On the back of the jacket is a good-sized map pocket that you could tuck a base-layer in, and behind the main zip is another single, decent-sized zip-closed pocket.

The trousers have a pair of zipped pockets in the usual places with water-resistant zips, plus cargo pockets lower down the leg with Velcro and popper fastening.




The main, water-resistant jacket zip is covered by a storm flap, with another gusseted flap to catch the water behind it.

The trousers have a zip fly with two poppers above that. I really like that the gusset behind this has a popper that allows it to expand, which makes it a lot easier to push down out of the way when you’re stood shivering at the loo in a motorway services.

I’d have preferred hook fasteners at the waist as my belly pings the poppers open at times. Granted, I have issues with cake-retention, but a change of hardware here would be appreciated.

The trousers and jacket have a full connecting zip, which is great, though it is a little fiddly to get started. Once on the go though, it secures easily.




The trouser legs can be cinched up, but they could use longer Velcro on the bottom to allow them to go a little tighter. They’re not bad by any stretch, but there’s room for a tweak there.

Equally, there’s not quite enough Velcro at the cuffs to seal tightly around my wrists, and the strap pulls on the zip section, which makes it bunch up more. Having said that, there is room to get my relatively thick Held two-in-one winter gloves under the cuffs – which is the best way to wear gloves in the rain – and they do seal very well.

A neat strap system at the jacket waist gives a great fit, plus a popper allows two positions at the bicep, along with Velcro straps at the hem.

The trousers have a length of Velcro belt at either side, giving an adjustment of just over an inch on each, but these tend to pull up over the waistline as there are no retaining straps – untidy and a little uncomfortable if you have them pulled tight. I tend to use the braces, but it’ll depends very much on your body shape.




On both legs and each side of the chest are two good-sized water-resistant zips that cover straight-to-body vents. With no membrane behind them, these give much better cooling, though the chest ones will be hidden on a bike with a large screen.

The rear of the jacket has a large vent running all the way across the back at shoulder-blade height.

If not the best in class, the venting is very good, especially for a laminated jacket, and even more so for one at this price. You’ll have no problems with this getting unbearably hot in the summer.


Warmth and thermal liner

There is no thermal liner supplied with the jacket or the trousers, and this is definitely not warm kit. It’ll keep the wind out, so layer up and you’ll be fine.

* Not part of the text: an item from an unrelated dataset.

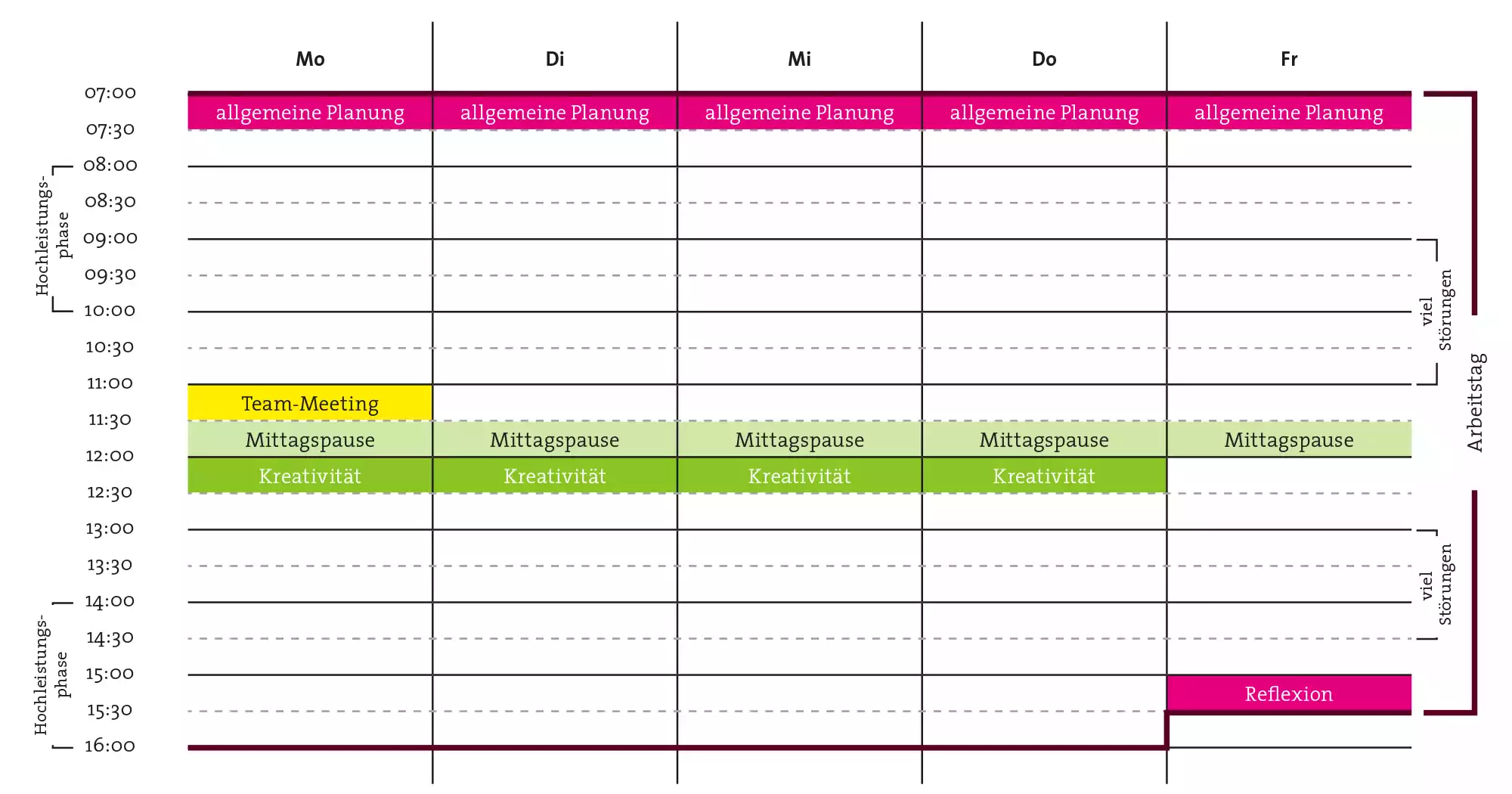 vorsaetzliche kreativitaet Wochenplan Woche-2 ohne Projekte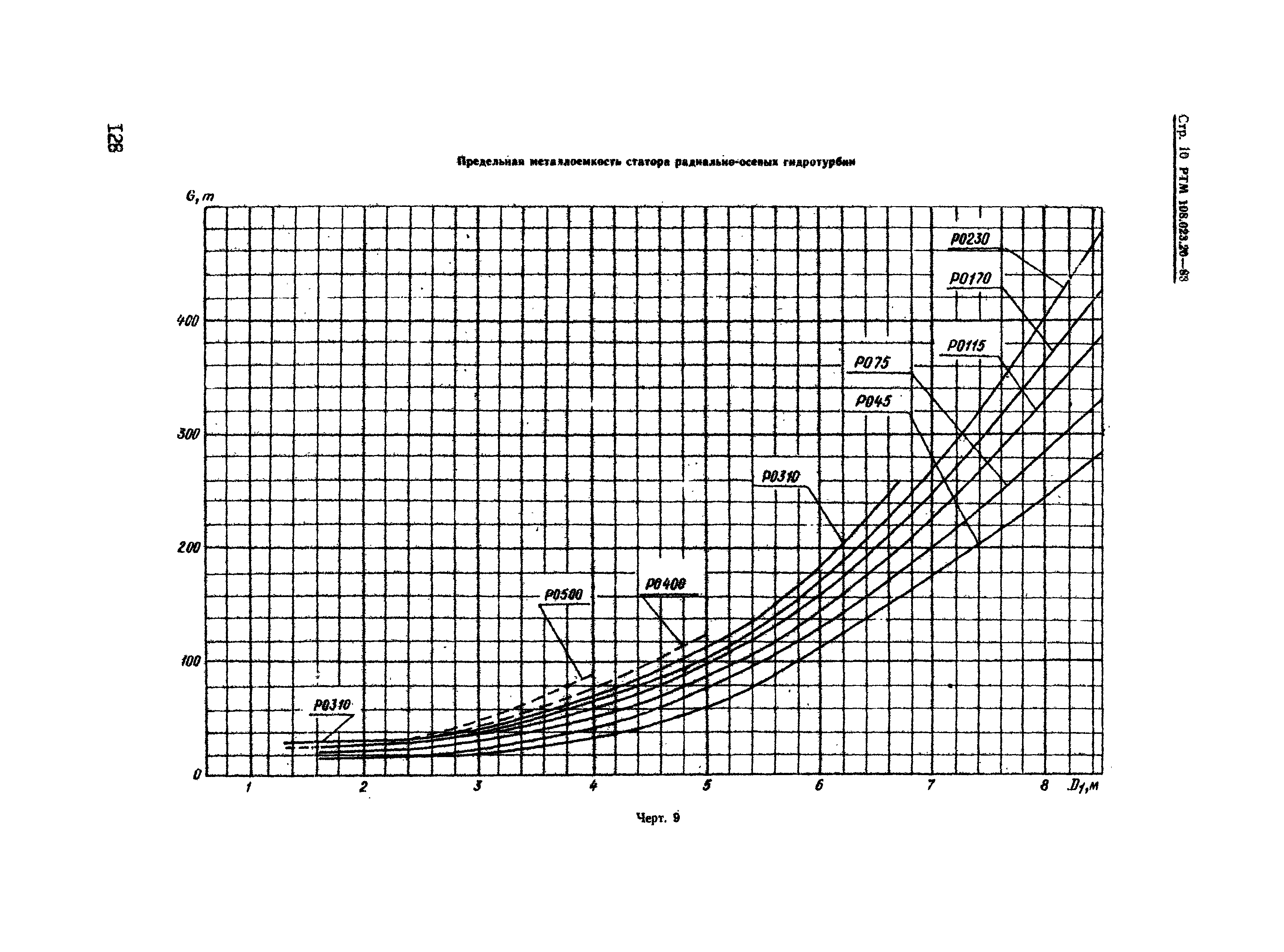 РТМ 108.023.20-83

Lindstrands Transtrand Berga review_16


Outer shell liner

Inside the jacket and trousers is a combination of a light mesh liner and a 3D mesh, keeping them from sticking to you in the heat. The trousers also have a thin foam pad at the bum for extra comfort (it probably also helps the abrasion resistance in testing too).


Lindstrands Transtrand Berga review_21

All the seams have to be taped in a laminated construction, which can make it more costly



I spent a solid hour in torrential rain with the Lindstrands Transtrand jacket and Berga trousers, finding them to be completely waterproof. The ventilation is well tucked away, and while I got cold in the 2-3°C ride, I was on the Tracer 9 with a low screen and got home bone dry. Excellent.

Being a laminated construction, while the outer shell will still wet-out (get soaked), it dries a lot more quickly than garments with a drop-liner, making it far more pleasurable to put on after a break, or if commuting in bad weather. Some kit can still be soaking at the end of a day’s work, which is no fun.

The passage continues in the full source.